3. Once you know the weight of your yarn, you can start to think about the needle size you will need to obtain the gauge you want. This information is crucial if you are substituting a yarn in a pattern or you wish to draft your own pattern. Sometimes you will see a graphic of a little square that will tell you the stitch count on a single size needle for a four inch square. For example, it could say on size 8 needles, you should get 20 stitches and 24 rows in a 4x4 inch square. The labels shown here do not include that square, but the information is still there! The labels here, which I see a lot, show you how many stitches to expect in one inch. They also include a range of appropriate needle sizes. This is because every knitter is different, and your stitches may be tighter or looser than a knitter sitting next to you. So, where one knitter needs size 7 needles, another may need size 8. This is also why it is so important to swatch before you start a project where size matters.
4. Dye Lot is another important piece of this puzzle, especially if you are working on a project that requires multiple skeins of yarn (like a sweater). You can see, the color often is associated with a number, like "157W Boysenberry." Think of this as a catalogue number; Brown Sheep Company, Inc. makes this particular color, along with many others. However, within this 157W Boysenberry color, the yarns are died in batches. Makes sense, right? It would be unreasonable to think they can anticipate and dye all the yarn they will ever need in a given color at the same time. Dying yarn in batches introduces the possibility of different variables playing a role in the ultimate color of the yarn. This can lead to slight variations in the color from one batch, or dye lot, to another. This means you will want, when possible, to get all of the yarn for your project from the same dye lot to minimize the chances the yarn will be different from one skein to the next. The dye lot shown in the example above is 033. It would be awful to have half a sweater done, and then the next skein be a slightly different shade of Boysenberry. Where you wanted one cohesive piece, you may end up with a two-toned garment.

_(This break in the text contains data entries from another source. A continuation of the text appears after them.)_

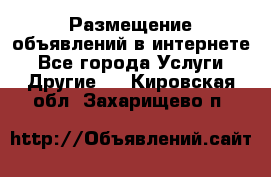 Размещение объявлений в интернете - Все города Услуги » Другие   . Кировская обл.,Захарищево п.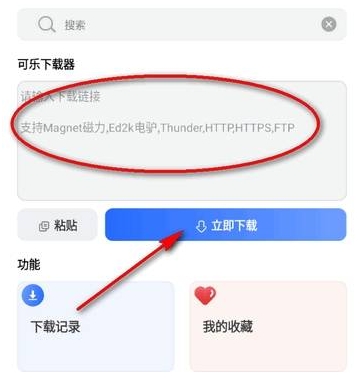 可乐下载器官方版app 可乐下载器官方版app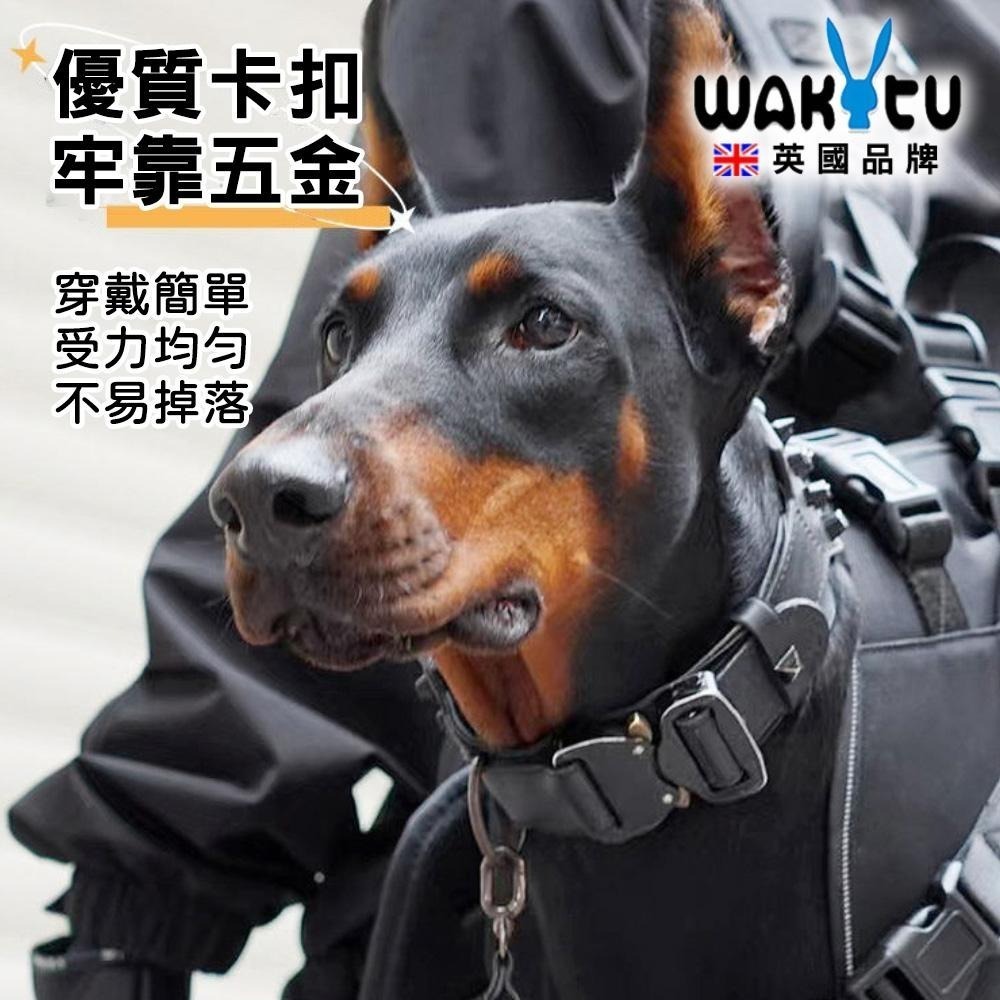 【Ｗakytu英國品牌】大狗背包 寵物背包 寵物包 寵物外出包 寵物後背包 狗狗外出包 狗背包 老狗背帶-細節圖5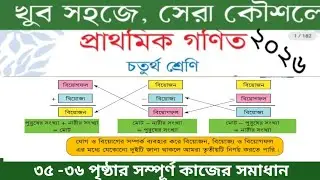চতুর্থ শ্রেণীর গণিত ৩৫ ও ৩৬ পৃঠার সমাধান || অধ্যায় ৩ || class 4 math page 35/36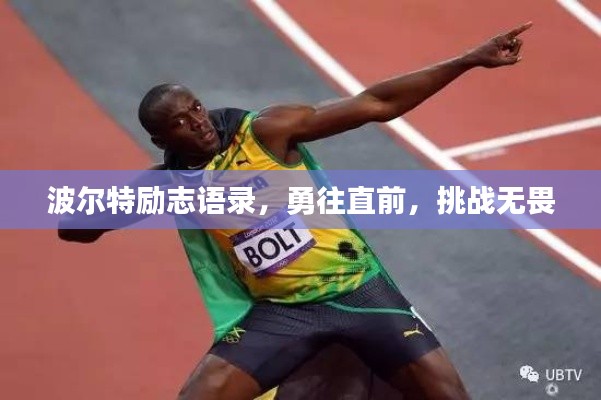 波爾特勵志語錄，勇往直前，挑戰(zhàn)無畏
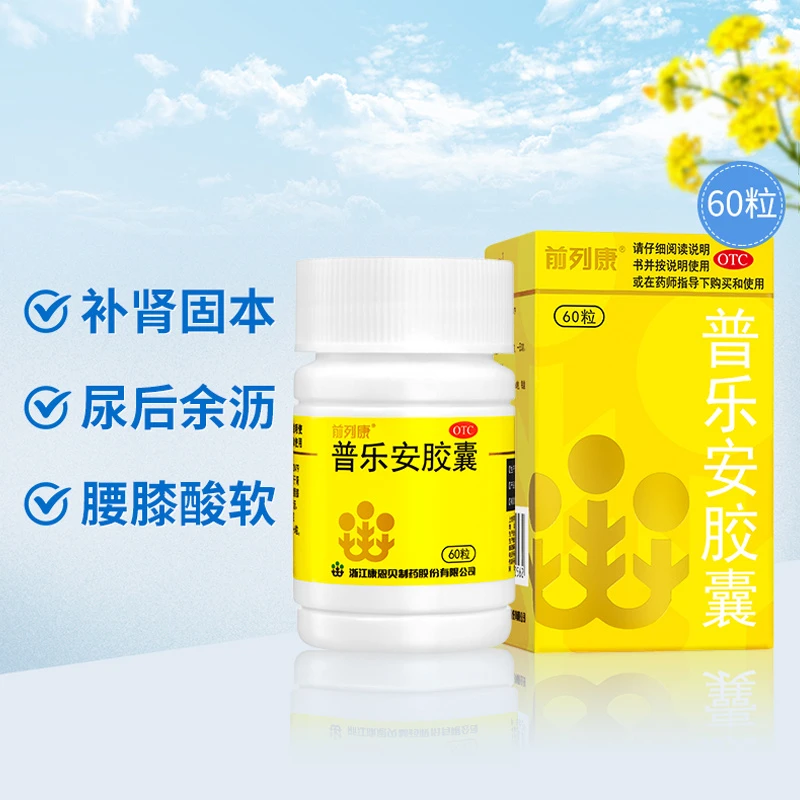 前列康普乐安胶囊0.375g*60粒补肾固本用于肾气不固所致的腰膝酸软尿后余沥口服一次4~6粒一日3次选用油菜花粉气微味甜微涩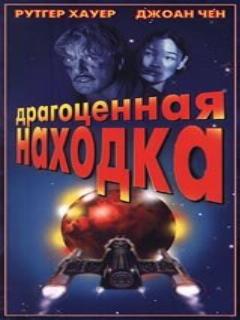 Постер: Драгоценная находка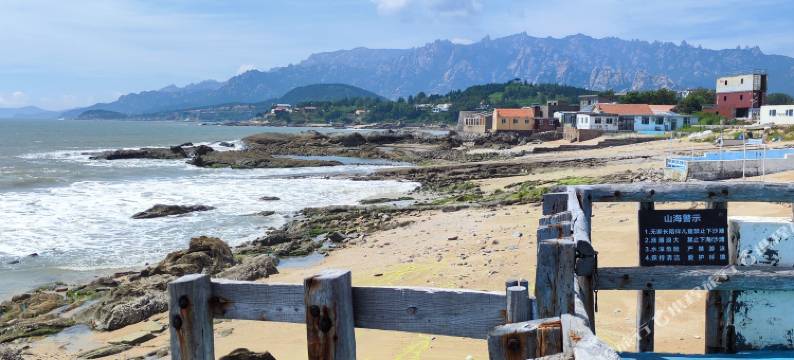 崂山·山海海景民宿图片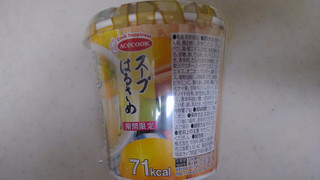 「エースコック スープはるさめ 塩レモン カップ21g」のクチコミ画像 by レビュアーさん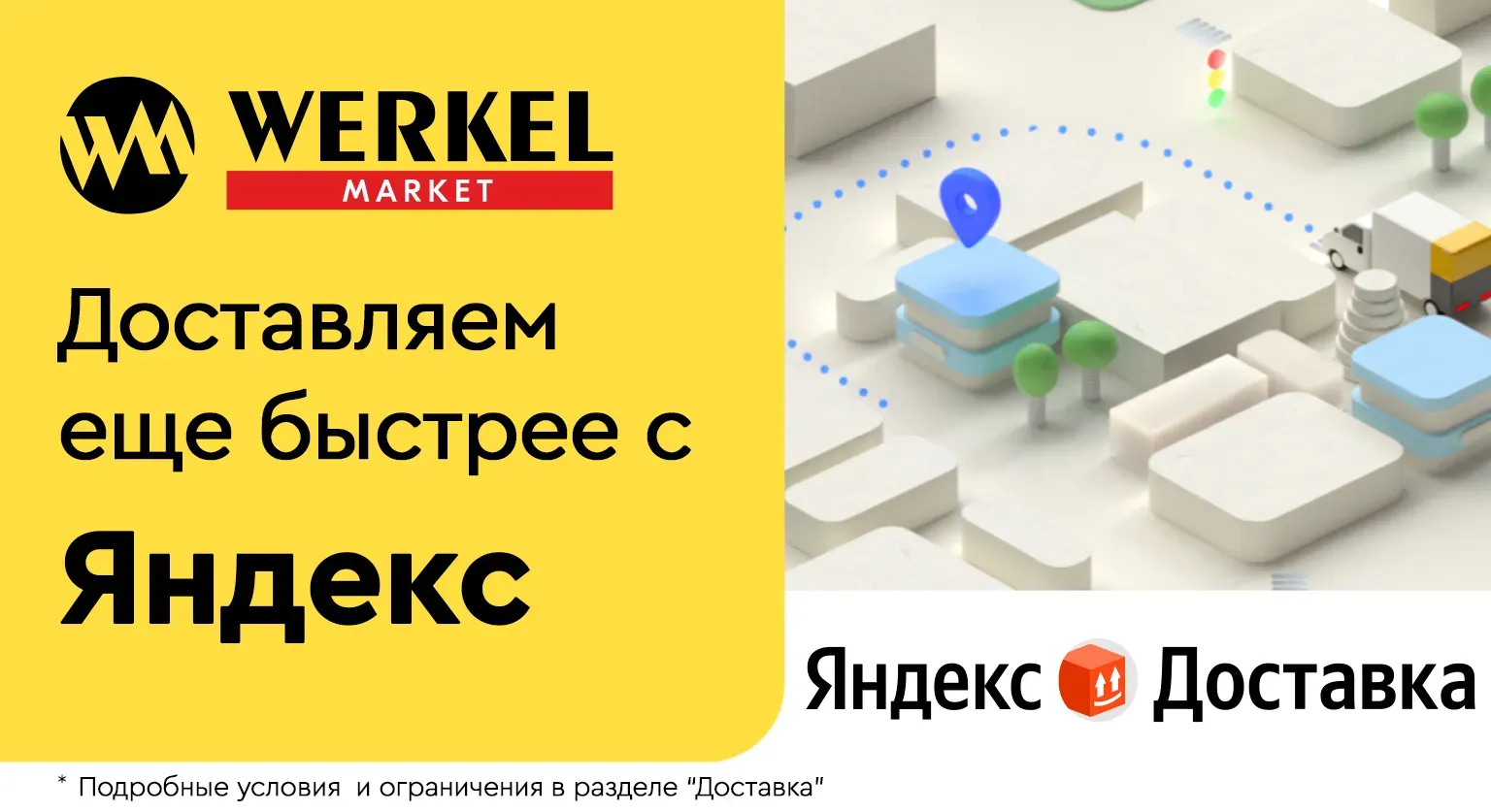 ЭКСПРЕСС-ДОСТАВКА ЧЕРЕЗ ЯНДЕКС ДОСТАВКУ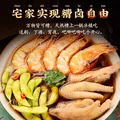 上海三林香糟卤上海特产庆丰工厂三林老字号料酒黄酒调味凉拌糟卤 上海三林香糟卤庆丰厂350ml*1 图片 3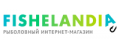Промокод ФишеЛандия.ру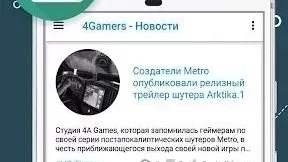 Скриншот 3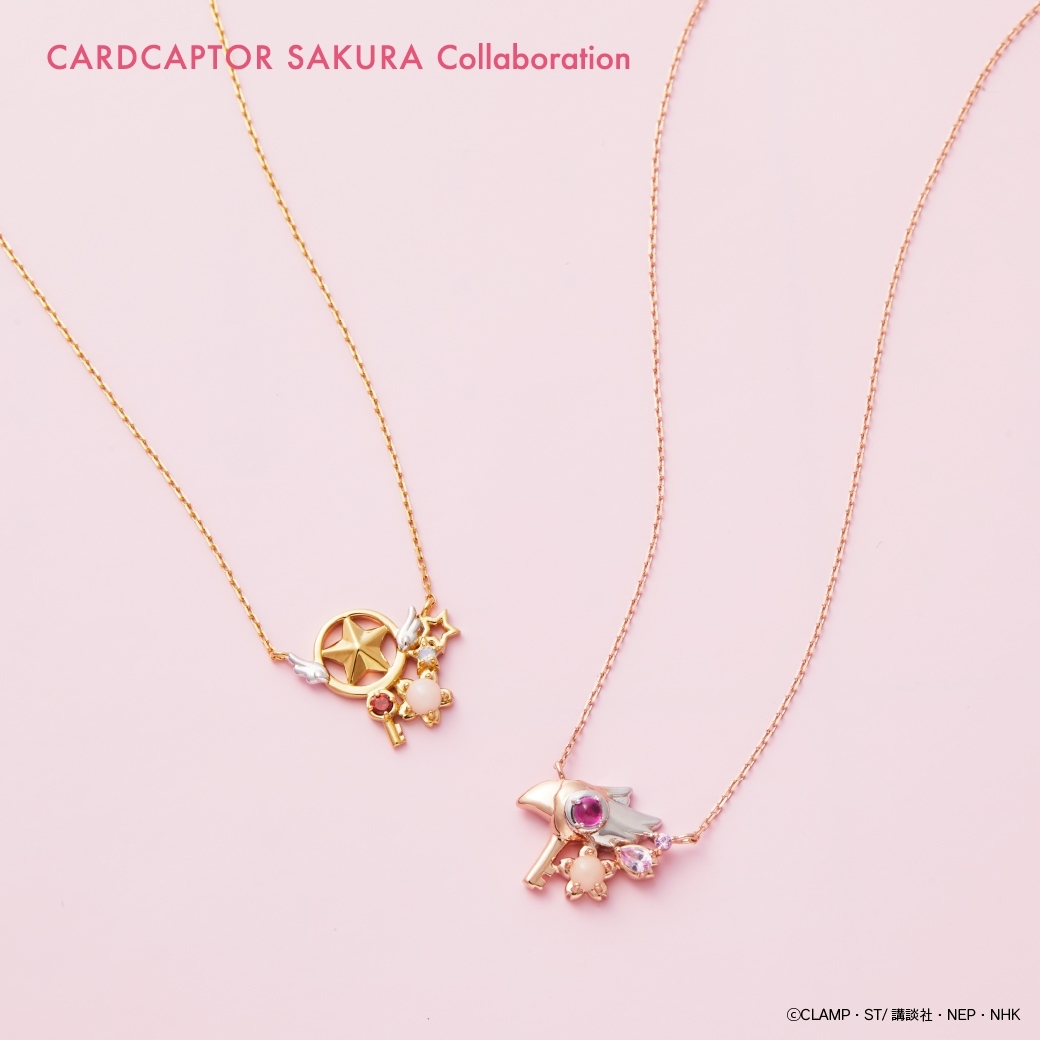 ジュエリー】カードキャプターさくら×SAMANTHA SILVA 発売の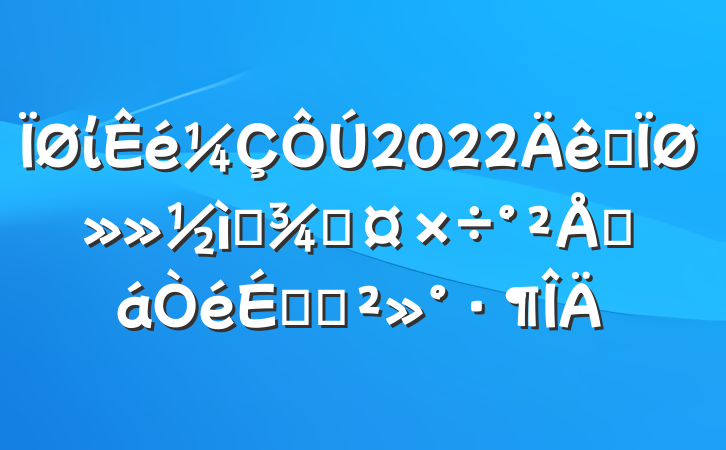 ί2022ȫػѡٹŻϵĽ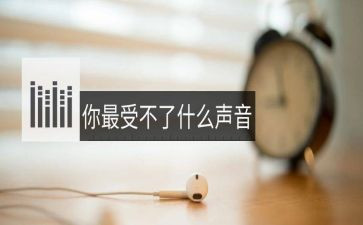那牵动心灵的声音作文7篇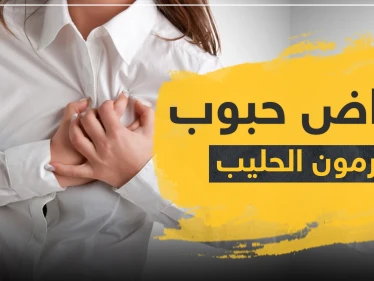 ما هي أعراض حبوب هرمون الحليب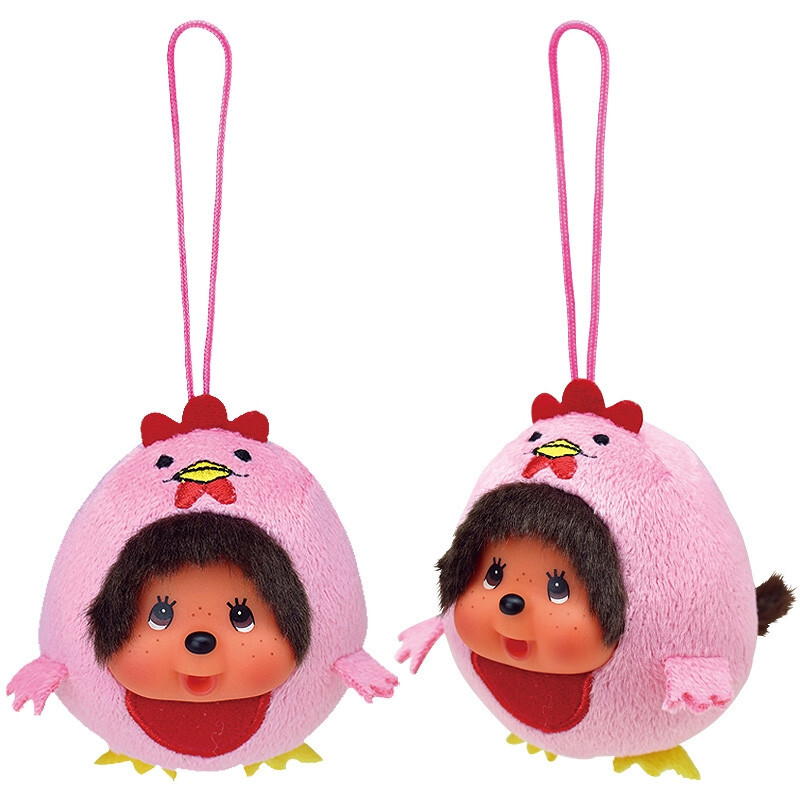 Monchhichi Mini Balls - Poule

5. The last bit of information we will discuss here is the garment care. This is directly related to the type of fiber your yarn is made from. The care instructions, however, are possibly the most confusing of all the symbols you might see, since there are quite a few different ones. To help you, I found a general chart of care symbols you can reference, here. This site provides a key for all of those triangles, squares and circles that make up the hieroglyphics of yarn care. However, one of the most important things to notice is whether you need to hand wash the fiber, which is often depicted by a hand dipping in to a basin of water. If you are able to machine wash the fiber, this is depicted by a wash basin without the hand. If there are lines underneath the basin, as there are in one of the labels featured here, it means you need to use a gentle cycle. Lastly, how do you dry the fiber? If it needs to be air dried, you will see a square with either one horizontal line or three vertical lines inside. The horizontal line means to dry flat whereas the vertical lines mean to drip dry. If the square has a circle in it, like the cotton label above, you are in luck! You can throw that sucker in the dryer. Once again, if there are lines underneath it, you should use a gentle cycle.
Without muddling the issue more, I hope this was a helpful tutorial. The labels of your yarn really provide invaluable information for the success of your project. Choosing the right yarn really makes all the difference. If you are going to put the hours of sweat and tears into a project, it would be discouraging to be tripped up with the wrong yarn choice. So, walk in to a yarn store with confidence, you now speak the language of yarn labels!